HA YAVRUM HA, HA YAVRUM HA! ‘İSTİKLAL MARŞI YERİNE OKULU KURAN’LA AÇTILAR!’
AKP hükümetinin getirdiği 4+4+4, 3 dört 12 ve dahi 12 +12+12 elde var 4+4+4 eder 12 eğitim sistemsizliğiyle hızla yayılan imam hatip orta okullarından skandal görüntüler çıkmaya başlamış. En tazesi, “4+4+4 Fırını”ndan çıkanı...
Odatv haberine göre Beylikdüzü’ndeki Ahmet Beyaz İmam Hatip Ortaokulu’nda açılış İstiklal Marşı yerine Kuran’la yapılmış. Allah kabul etsin ileride bu Kurancı çocuğa başkaları da katılır hep bi ağızdan okurlar 4+4+4 düzeniyle...

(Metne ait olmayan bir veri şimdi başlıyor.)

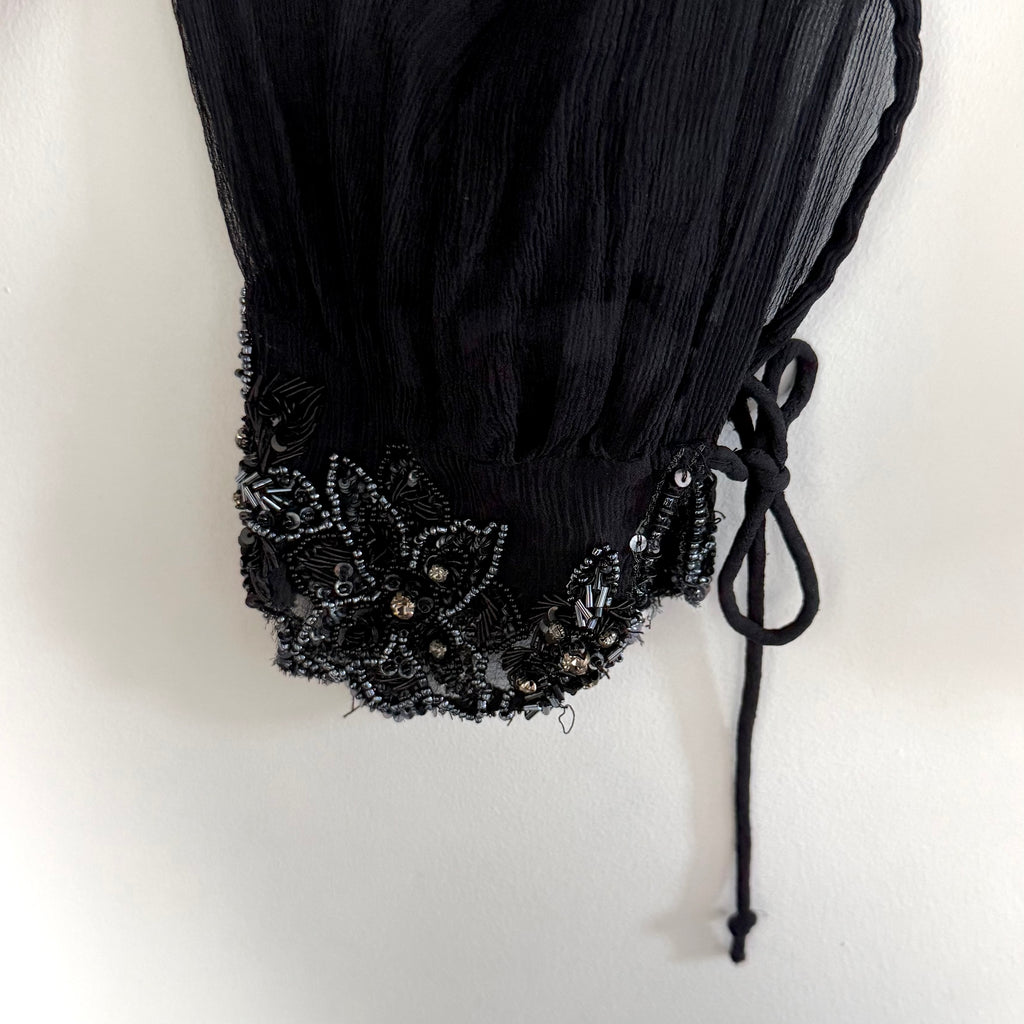 Vintage Just Cavalli Sheer Beaded Silk Tunic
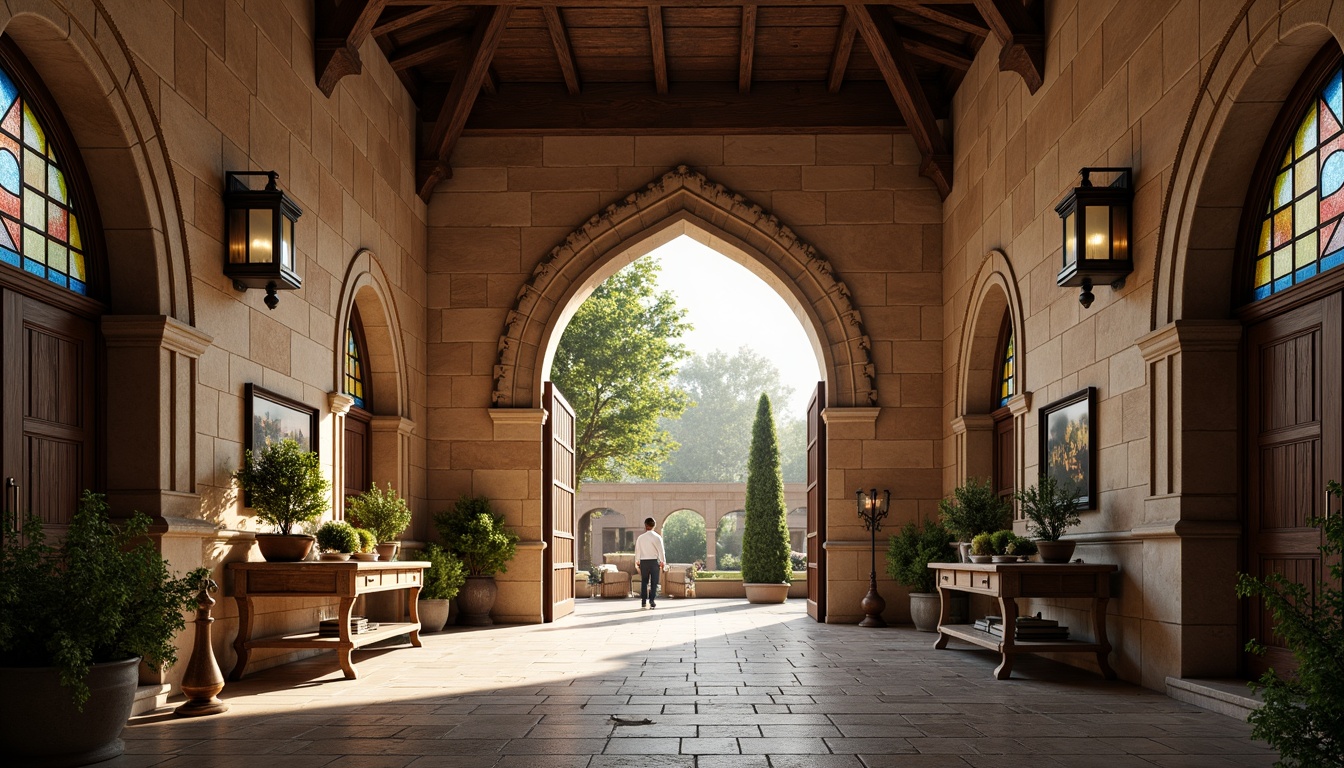 Prompt: Rustic stone walls, arched windows, ornate carvings, grand entrance halls, high ceilings, wooden beams, vintage lanterns, stained glass details, earthy color palette, natural light pouring in, warm afternoon ambiance, shallow depth of field, 1/1 composition, symmetrical framing, realistic textures, ambient occlusion.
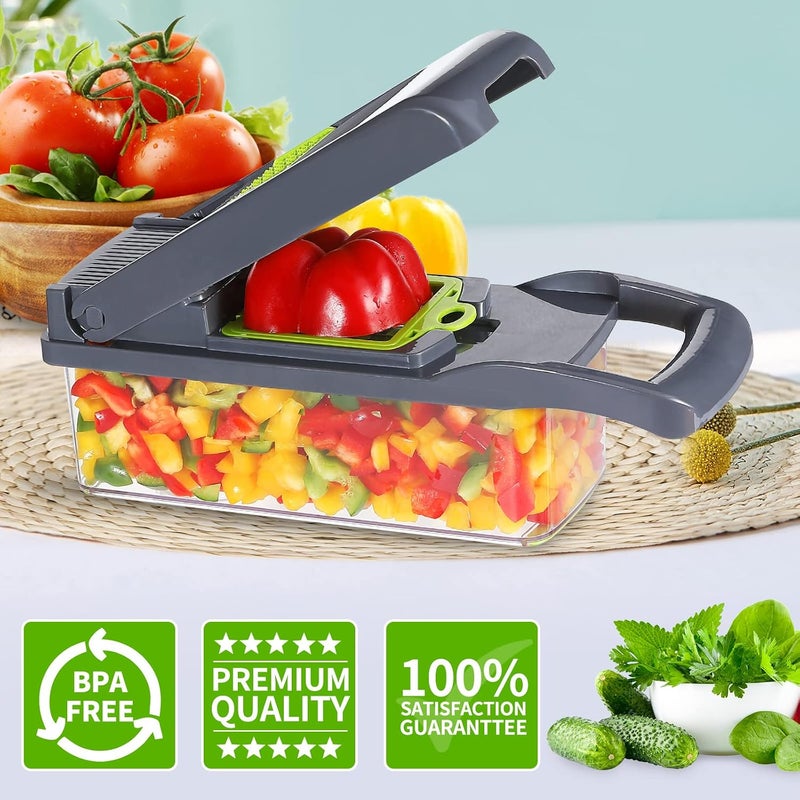 CARLWIN قطاعة خضروات فاخرة، قطاعة خضروات بـ 7 شفرات، قاطعة، مقطعة مكعبات، قطاعة بصل 12 في 1، شرائح ماندرين، قطاعة طعام متعددة الوظائف مع حاوية - Image 2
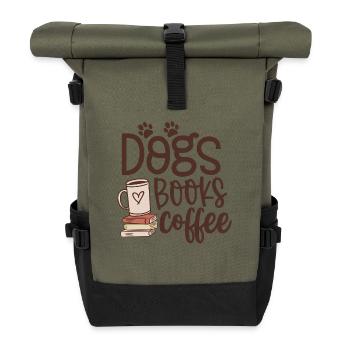 Dogs Books And Coffee - Roll Top Backpack - olive/black - Front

Odatv’nin haberi şöyle bitiyor:
“Okul bahçesinde yapılan törende öğretmen, öğrenci ve velilerin ortasında küçük yaştaki bir öğrenci Kuran okudu. Öğrenci, okumasını bitirdikten sonra veliler ve öğrenciler tarafından alkışlandı. Ardından da herkes Fatiha Suresi’ni okudu.”
EY YAVRU İNŞALLAH İLERDE ‘RTE İSLAM CUMHURİYETİ’NDE DİYANET İŞLERİ BAKANI OLURSUN BU GİDİŞLE...
Maazallah!
Aydınlık’tan kocaman bi haberi konuk ediyorum, 6 sütün haber şöyle, lütfen anımsayın:
“Bugün türban karşıtına bunu yapanlar yarın neler yapmaz
TÜRBANI PROTESTO EDEN
KADININ SAÇINI YOLDULAR
“10 yaşındaki kız öğrencilerin türbana sokulmasını MEB önünde protesto eden kadınlar, erkek güvenlikçilerin şiddetine uğradı.”
ULAN DEDİM KENDİ KENDİME, BUNLAR ACEMİ, ULAN HAYDİ SAÇI YOLDUN, YERDE NEYLE SÜRÜKLEYECEKSİN HA?